Activity - Please write the listing below out again exactly, leaving every picture behind.

Data extract -
━━━━━━━━

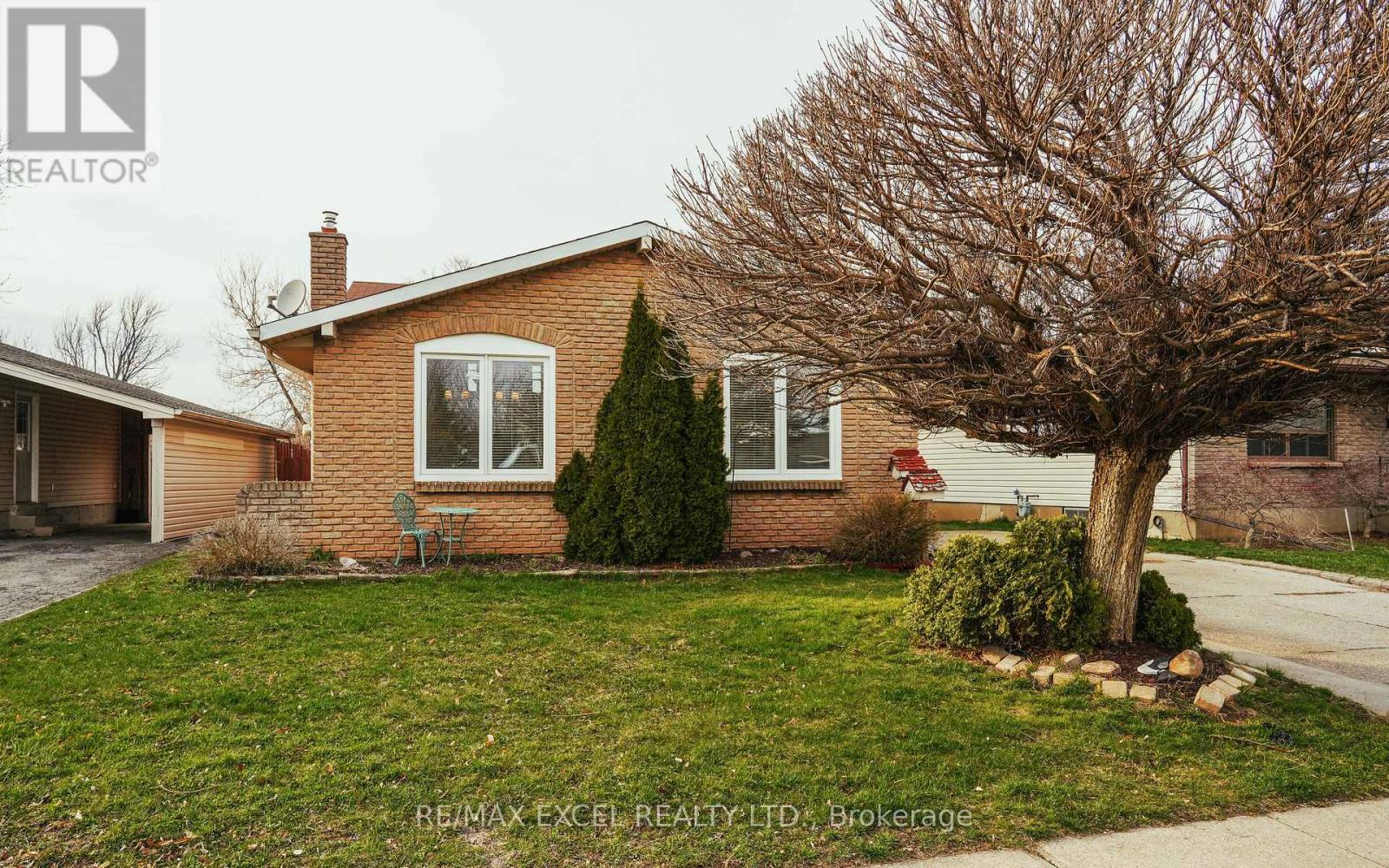 8061 PADDOCK TRAIL DRIVE, Niagara Falls (Ascot), Ontario, L2H1W8 — Photo 3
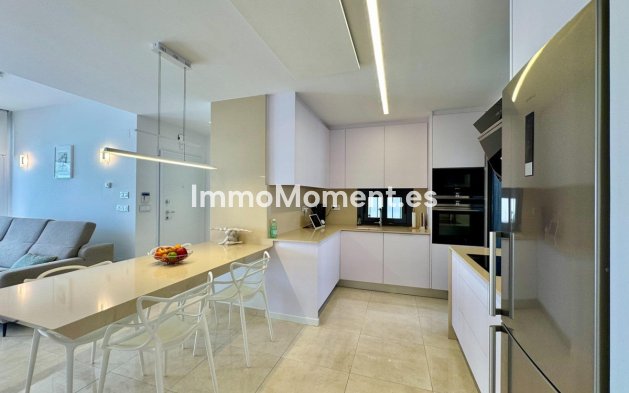 Reventa - Villa independiente - San Miguel de Salinas - San Miguel de Salinas Centro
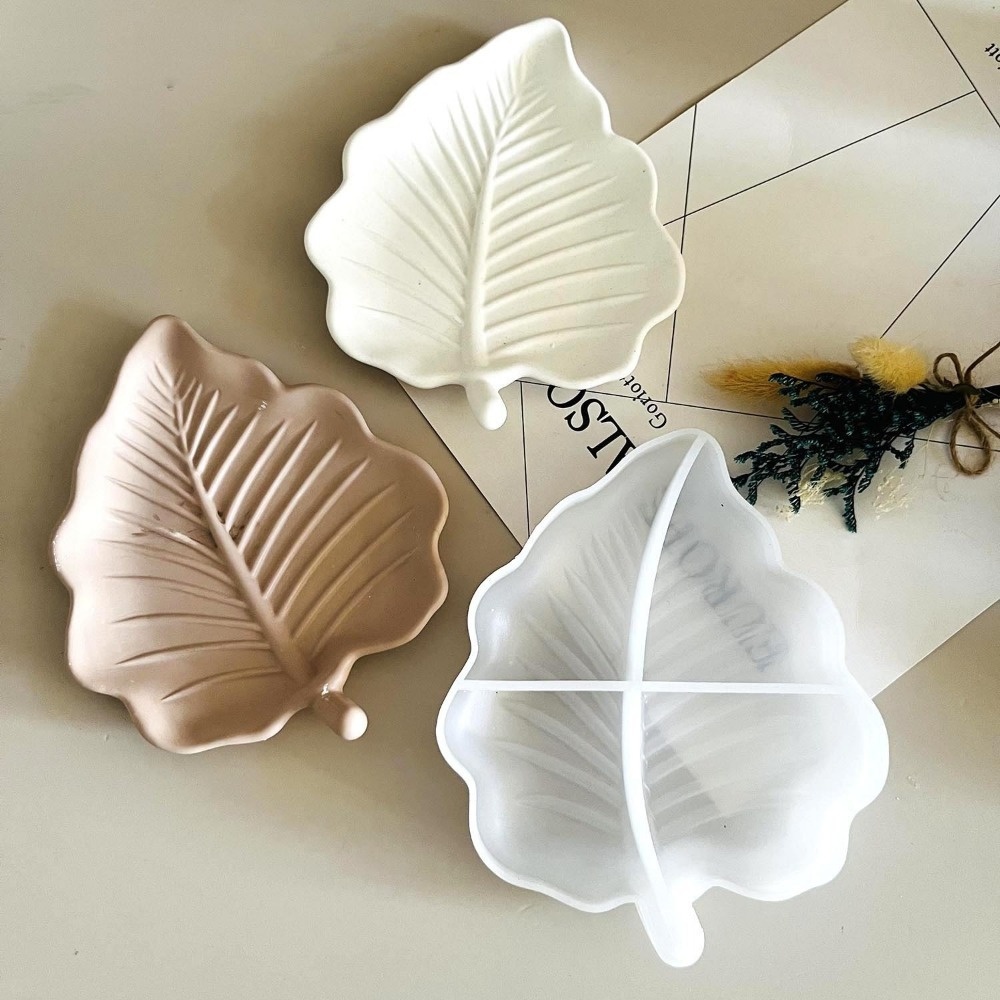 Forma na taca w kształcie liśc – Jewelry Making Table recenzja i cena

━━━━━━━━

Output for this exercise -
 8061 PADDOCK TRAIL DRIVE, Niagara Falls (Ascot), Ontario, L2H1W8 — Photo 3
 Reventa - Villa independiente - San Miguel de Salinas - San Miguel de Salinas Centro
 Forma na taca w kształcie liśc – Jewelry Making Table recenzja i cena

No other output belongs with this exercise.